My Problem with Petition Signature-Gatherers

I teach at Fullerton College and Cal State Fullerton. Increasingly often, I see people on the campus soliciting students to sign petitions for ballot initiatives (Propositions). A certain number of signatures is required to put a Proposition on the California ballot. Signature-gathering for ballot measures is part of our democratic process here in California. However, the problem with randomly soliciting signatures from strangers is twofold:

1.)The signature-gatherer’s approach is often to grossly generalize and over-simplify the content of the ballot measure. They will ask random passers-by loaded questions like, “Do you want to lower car insurance rates?” or “Do you want a greener California?” or “Do you want to stop human trafficking?” Most people would answer “yes” to these questions. However, the full text of the ballot measure is usually far lengthier and more complex that those questions. Today, I was accosted by a signature-gatherer and, when I asked to read the full text of the propositions he was gathering signatures for, he showed me pages and pages of small print. I told him, “I’m sorry. I would want to fully understand what I’m putting my signature on and, frankly, I don’t have the time right now to read all that text. “ He seemed shocked that I wasn’t satisfied with his one-sentence explanations.

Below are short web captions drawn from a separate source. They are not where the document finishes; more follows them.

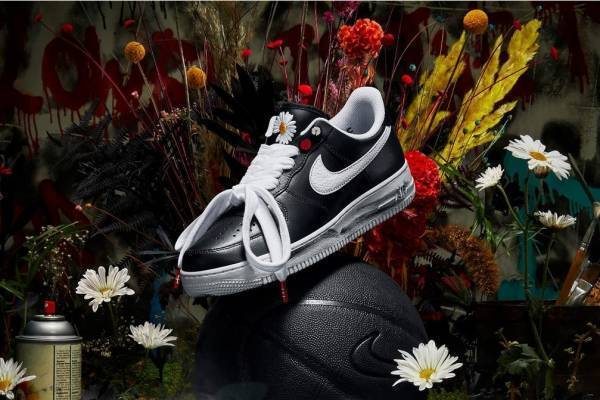 ナイキ×G-DRAGONコラボスニーカー - アートが“隠れる”アッパー、シュータンには花の刺繍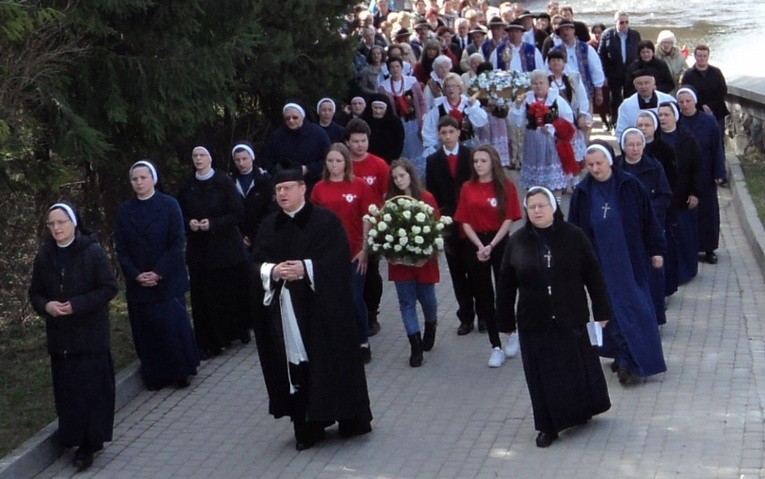 Procesja z relikwiami św. s. Faustyny do kościoła w Szczawnicy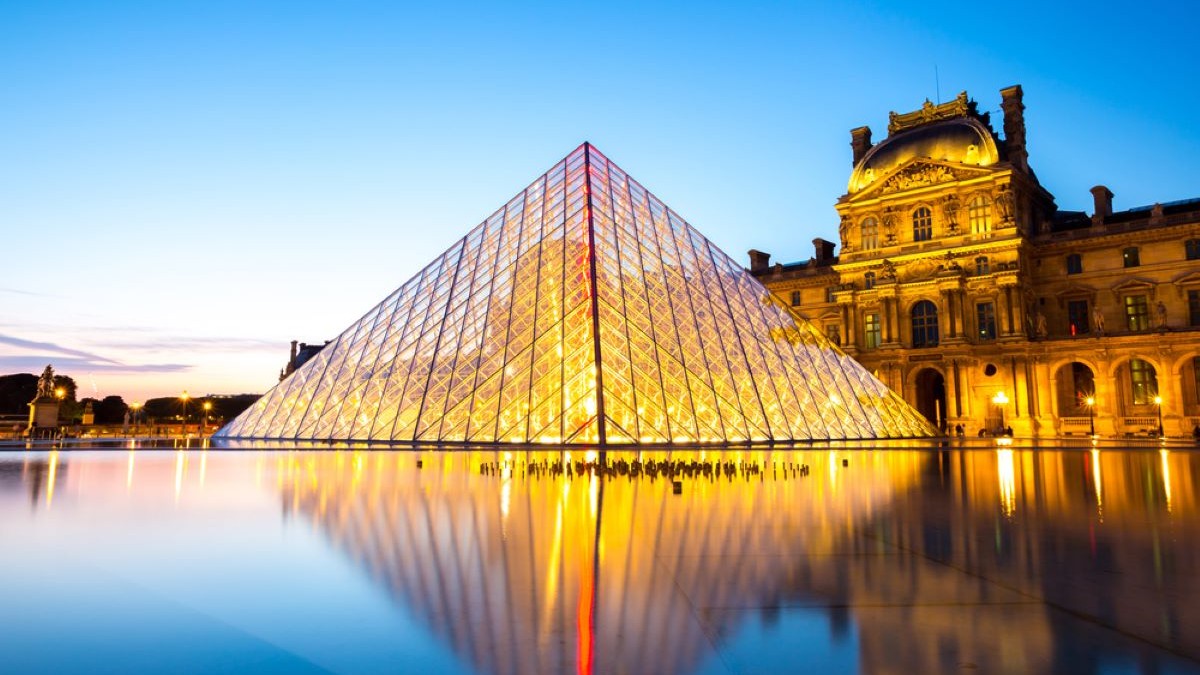 Muzeul Louvre Paris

2.)Petition signature-gatherers, by and large, get paid per signature, sometimes around $5 a signature. They are rarely, if ever, gathering signatures because they simply believe in the ballot measures they are helping put on the ballot. They are usually doing it for a pay check, so some of the more unscrupulous ones, like the gentleman I met today, will say whatever it takes to get you to sign your name, regardless of the real-world consequences of the ballot measures. Consequently, some really bone-headed ballot measures often get on the ballot. Big corporations like to use this tactic to get a proposition that will benefit them on the ballot, like Prop 16 in the last election, which would have given Pacific Gas & Electric a near monopoly on California utilities. I’m sure the signature-gatherers got that one on the ballot by asking, “Do you want lower electric bills?”

For these reasons, I pretty much never sign petitions from random signature-gatherers, and I actually view them as kind of a threat to democracy. If there is a ballot measure that comes along that I really believe in, I will research it fully before signing my name to put it on the ballot.